[Opening Given data section]
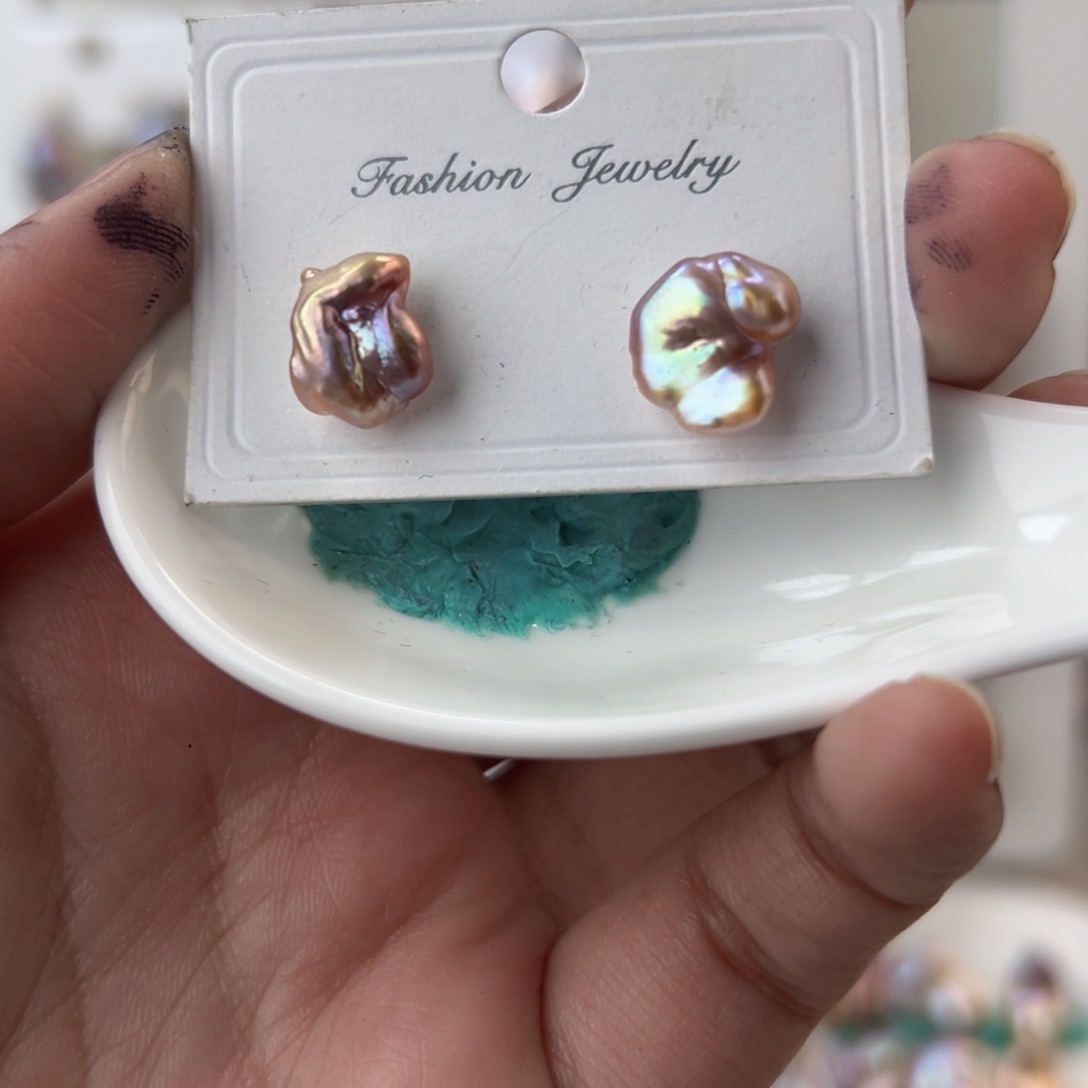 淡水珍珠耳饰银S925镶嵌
[Closing Given data section]
[Opening Given data section]
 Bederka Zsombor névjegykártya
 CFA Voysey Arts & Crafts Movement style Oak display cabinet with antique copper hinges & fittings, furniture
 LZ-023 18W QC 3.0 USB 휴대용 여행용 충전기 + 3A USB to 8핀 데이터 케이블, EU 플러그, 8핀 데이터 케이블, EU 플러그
[Closing Given data section]
### Exercise aim
Copy the records above exactly, beginning at the line that contains "CFA Voysey Arts" and stopping after the line that contains "LZ-023 18W QC".

### Answer area
 CFA Voysey Arts & Crafts Movement style Oak display cabinet with antique copper hinges & fittings, furniture
 LZ-023 18W QC 3.0 USB 휴대용 여행용 충전기 + 3A USB to 8핀 데이터 케이블, EU 플러그, 8핀 데이터 케이블, EU 플러그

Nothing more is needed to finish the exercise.